■ WHAT IS NEEDED: Print exactly the line that contains "So basically this", then every following line through the end of the material; include nothing else and no pictures.

■ MATERIAL PROVIDED:
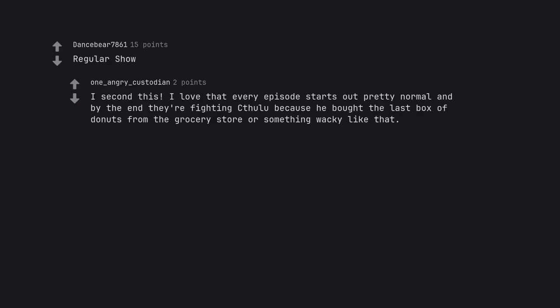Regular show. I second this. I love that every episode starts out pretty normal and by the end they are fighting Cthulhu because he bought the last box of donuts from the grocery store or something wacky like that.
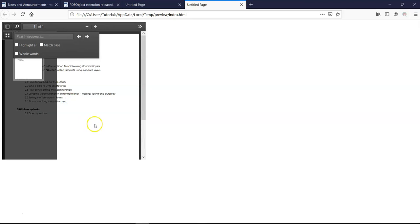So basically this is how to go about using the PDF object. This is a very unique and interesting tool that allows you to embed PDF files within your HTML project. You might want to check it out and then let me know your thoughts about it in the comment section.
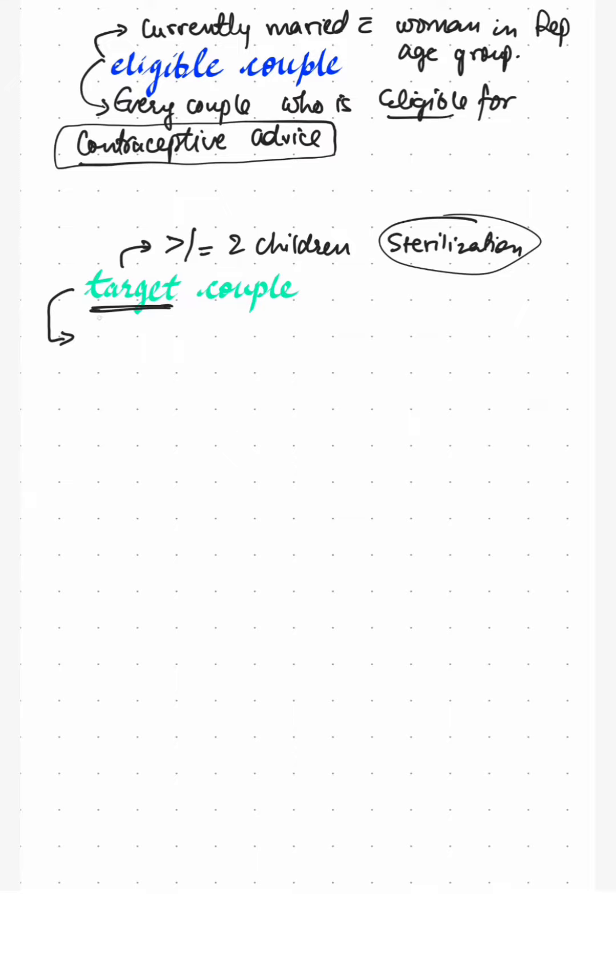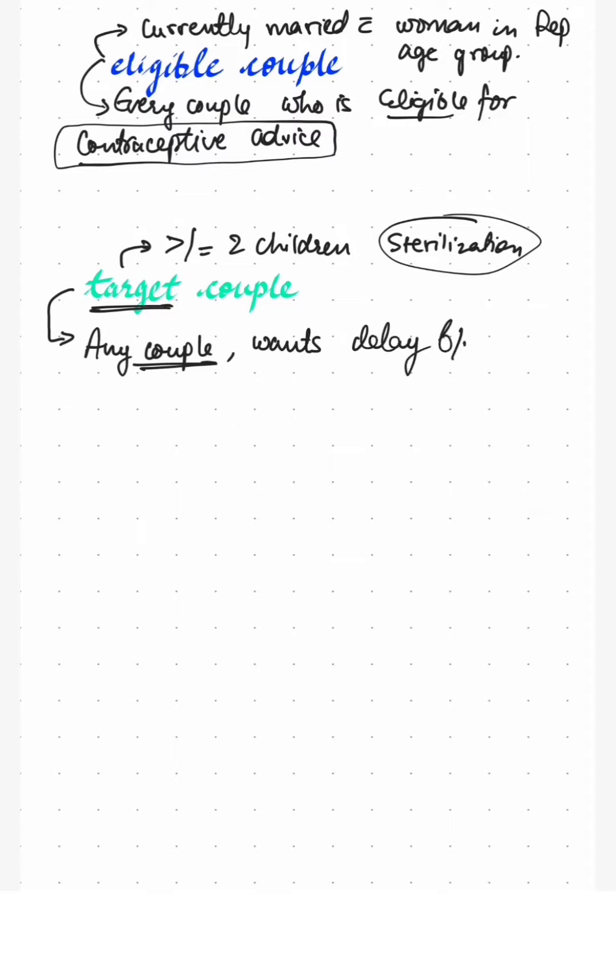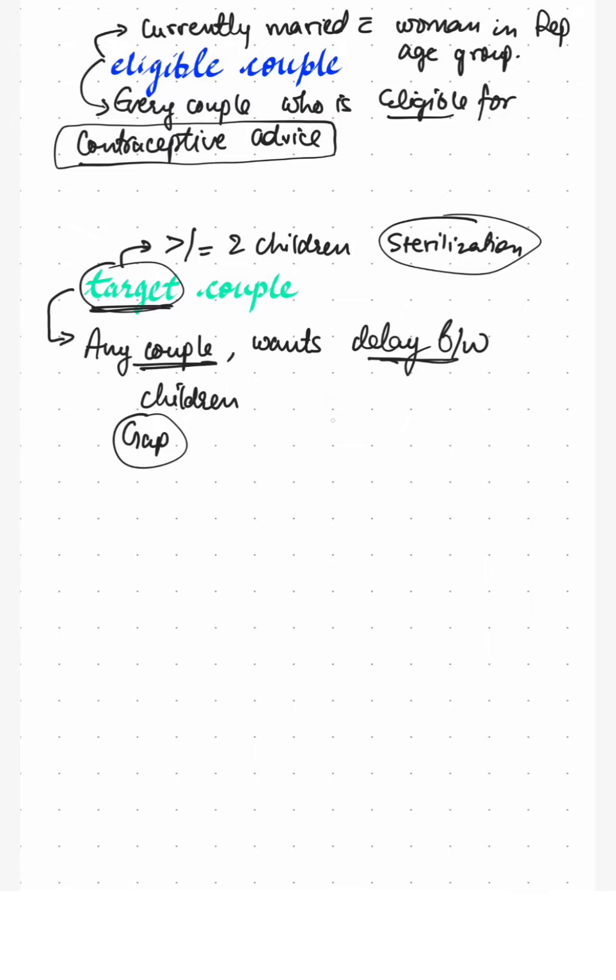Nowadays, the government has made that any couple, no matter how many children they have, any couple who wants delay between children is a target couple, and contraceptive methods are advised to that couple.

■ SOLUTION TO THIS PROBLEM:
So basically this is how to go about using the PDF object. This is a very unique and interesting tool that allows you to embed PDF files within your HTML project. You might want to check it out and then let me know your thoughts about it in the comment section.
Nowadays, the government has made that any couple, no matter how many children they have, any couple who wants delay between children is a target couple, and contraceptive methods are advised to that couple.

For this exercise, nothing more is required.